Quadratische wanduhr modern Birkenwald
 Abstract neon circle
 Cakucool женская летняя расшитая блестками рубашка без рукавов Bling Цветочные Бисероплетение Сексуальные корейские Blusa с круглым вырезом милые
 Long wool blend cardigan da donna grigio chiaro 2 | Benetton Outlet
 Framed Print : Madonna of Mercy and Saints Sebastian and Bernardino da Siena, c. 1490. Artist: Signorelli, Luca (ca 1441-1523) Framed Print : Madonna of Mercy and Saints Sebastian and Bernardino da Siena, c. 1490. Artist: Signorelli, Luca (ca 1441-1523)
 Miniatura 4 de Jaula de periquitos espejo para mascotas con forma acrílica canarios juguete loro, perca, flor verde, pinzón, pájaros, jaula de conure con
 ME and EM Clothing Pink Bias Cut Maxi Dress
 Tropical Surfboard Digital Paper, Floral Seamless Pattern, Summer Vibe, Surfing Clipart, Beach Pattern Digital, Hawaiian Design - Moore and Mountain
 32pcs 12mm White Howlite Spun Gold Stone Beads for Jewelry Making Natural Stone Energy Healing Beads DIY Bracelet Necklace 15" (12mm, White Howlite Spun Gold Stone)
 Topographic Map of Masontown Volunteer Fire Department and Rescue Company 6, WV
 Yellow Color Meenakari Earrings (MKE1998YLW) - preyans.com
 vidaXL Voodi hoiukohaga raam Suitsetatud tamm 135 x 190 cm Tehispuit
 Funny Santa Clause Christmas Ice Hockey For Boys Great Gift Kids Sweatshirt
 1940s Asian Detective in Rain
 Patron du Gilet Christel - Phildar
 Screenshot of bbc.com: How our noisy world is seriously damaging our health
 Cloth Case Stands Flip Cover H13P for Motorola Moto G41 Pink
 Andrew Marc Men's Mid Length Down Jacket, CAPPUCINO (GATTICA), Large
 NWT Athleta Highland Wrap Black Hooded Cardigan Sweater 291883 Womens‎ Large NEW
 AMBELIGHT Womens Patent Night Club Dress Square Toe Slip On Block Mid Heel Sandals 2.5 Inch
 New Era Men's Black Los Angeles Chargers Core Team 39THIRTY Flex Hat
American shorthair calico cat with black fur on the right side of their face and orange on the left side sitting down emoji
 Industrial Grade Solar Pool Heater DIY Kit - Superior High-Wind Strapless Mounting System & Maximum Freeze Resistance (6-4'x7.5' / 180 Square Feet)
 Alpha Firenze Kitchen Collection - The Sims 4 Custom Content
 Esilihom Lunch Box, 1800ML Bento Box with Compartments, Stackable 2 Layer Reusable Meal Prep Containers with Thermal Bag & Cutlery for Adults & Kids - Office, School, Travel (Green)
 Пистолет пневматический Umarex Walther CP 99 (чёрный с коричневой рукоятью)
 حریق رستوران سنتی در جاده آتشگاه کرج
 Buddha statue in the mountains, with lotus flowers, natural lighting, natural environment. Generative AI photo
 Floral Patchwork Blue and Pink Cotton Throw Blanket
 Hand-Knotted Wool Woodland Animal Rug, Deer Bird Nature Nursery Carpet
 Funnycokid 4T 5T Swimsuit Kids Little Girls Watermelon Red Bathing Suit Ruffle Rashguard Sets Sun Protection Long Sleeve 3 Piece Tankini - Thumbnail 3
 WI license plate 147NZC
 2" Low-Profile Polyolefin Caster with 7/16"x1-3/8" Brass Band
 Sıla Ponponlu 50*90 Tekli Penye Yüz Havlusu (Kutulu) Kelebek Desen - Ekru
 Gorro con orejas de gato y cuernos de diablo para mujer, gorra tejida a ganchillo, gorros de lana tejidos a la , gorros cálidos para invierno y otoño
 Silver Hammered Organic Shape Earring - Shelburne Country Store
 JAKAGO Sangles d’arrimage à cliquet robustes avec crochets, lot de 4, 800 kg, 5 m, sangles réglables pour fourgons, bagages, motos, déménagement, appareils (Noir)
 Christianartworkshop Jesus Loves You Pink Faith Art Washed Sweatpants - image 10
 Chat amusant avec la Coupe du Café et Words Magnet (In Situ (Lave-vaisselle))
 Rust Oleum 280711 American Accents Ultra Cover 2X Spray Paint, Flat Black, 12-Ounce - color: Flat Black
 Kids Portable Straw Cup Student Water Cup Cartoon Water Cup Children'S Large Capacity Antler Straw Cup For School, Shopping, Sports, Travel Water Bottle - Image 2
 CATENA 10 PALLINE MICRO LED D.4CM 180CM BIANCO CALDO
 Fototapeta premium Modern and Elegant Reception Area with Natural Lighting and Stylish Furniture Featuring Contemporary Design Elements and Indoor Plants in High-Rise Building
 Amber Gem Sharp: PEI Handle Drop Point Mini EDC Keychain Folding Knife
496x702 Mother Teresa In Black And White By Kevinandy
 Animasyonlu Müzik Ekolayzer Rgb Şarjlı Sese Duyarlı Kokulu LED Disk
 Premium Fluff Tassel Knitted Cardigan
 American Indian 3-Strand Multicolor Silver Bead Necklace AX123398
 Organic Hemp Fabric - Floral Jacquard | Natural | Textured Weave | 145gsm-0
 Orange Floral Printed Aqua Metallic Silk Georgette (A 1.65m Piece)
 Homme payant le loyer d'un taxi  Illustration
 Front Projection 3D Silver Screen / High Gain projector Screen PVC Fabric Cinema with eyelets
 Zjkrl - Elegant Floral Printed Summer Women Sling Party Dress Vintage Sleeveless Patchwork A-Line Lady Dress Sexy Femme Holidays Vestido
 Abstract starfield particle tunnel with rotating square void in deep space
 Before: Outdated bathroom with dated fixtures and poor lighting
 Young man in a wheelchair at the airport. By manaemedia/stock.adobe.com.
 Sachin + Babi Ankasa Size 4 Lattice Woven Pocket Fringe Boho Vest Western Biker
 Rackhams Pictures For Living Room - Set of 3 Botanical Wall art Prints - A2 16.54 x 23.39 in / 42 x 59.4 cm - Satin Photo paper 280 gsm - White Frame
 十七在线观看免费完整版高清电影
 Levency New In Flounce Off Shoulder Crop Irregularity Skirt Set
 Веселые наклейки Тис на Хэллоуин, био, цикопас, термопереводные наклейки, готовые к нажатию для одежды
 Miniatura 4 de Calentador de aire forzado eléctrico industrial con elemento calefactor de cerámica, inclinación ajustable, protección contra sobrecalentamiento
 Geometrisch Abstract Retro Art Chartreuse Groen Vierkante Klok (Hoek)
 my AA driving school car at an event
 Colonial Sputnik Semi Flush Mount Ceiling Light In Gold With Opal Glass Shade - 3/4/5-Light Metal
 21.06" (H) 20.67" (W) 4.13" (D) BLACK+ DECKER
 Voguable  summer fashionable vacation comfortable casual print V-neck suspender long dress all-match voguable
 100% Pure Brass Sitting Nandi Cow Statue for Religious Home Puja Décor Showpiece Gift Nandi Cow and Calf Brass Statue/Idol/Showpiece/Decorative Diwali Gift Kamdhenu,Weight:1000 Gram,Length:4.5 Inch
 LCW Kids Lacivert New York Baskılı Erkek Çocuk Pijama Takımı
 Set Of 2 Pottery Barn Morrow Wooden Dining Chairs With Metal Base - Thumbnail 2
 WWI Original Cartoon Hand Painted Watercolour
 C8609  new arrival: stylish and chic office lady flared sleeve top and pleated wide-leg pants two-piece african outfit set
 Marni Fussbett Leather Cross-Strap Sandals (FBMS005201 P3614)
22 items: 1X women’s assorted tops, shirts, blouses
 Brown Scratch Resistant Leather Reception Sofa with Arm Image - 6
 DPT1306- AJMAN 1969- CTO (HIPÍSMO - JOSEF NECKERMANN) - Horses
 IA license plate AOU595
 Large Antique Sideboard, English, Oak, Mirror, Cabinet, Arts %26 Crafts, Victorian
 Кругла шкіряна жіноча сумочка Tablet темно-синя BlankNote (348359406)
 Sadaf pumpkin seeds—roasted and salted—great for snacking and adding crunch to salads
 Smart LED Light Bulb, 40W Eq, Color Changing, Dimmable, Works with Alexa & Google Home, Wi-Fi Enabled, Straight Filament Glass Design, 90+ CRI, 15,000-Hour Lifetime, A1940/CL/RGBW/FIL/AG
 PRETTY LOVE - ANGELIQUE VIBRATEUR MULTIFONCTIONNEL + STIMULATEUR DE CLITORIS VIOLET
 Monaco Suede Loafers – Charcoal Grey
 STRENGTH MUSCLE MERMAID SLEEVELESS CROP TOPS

-- Exercise brief --
Copy each line of the records above that carries the word "Floral".

-- Answer for the task --
 Tropical Surfboard Digital Paper, Floral Seamless Pattern, Summer Vibe, Surfing Clipart, Beach Pattern Digital, Hawaiian Design - Moore and Mountain
 Floral Patchwork Blue and Pink Cotton Throw Blanket
 Organic Hemp Fabric - Floral Jacquard | Natural | Textured Weave | 145gsm-0
 Orange Floral Printed Aqua Metallic Silk Georgette (A 1.65m Piece)
 Zjkrl - Elegant Floral Printed Summer Women Sling Party Dress Vintage Sleeveless Patchwork A-Line Lady Dress Sexy Femme Holidays Vestido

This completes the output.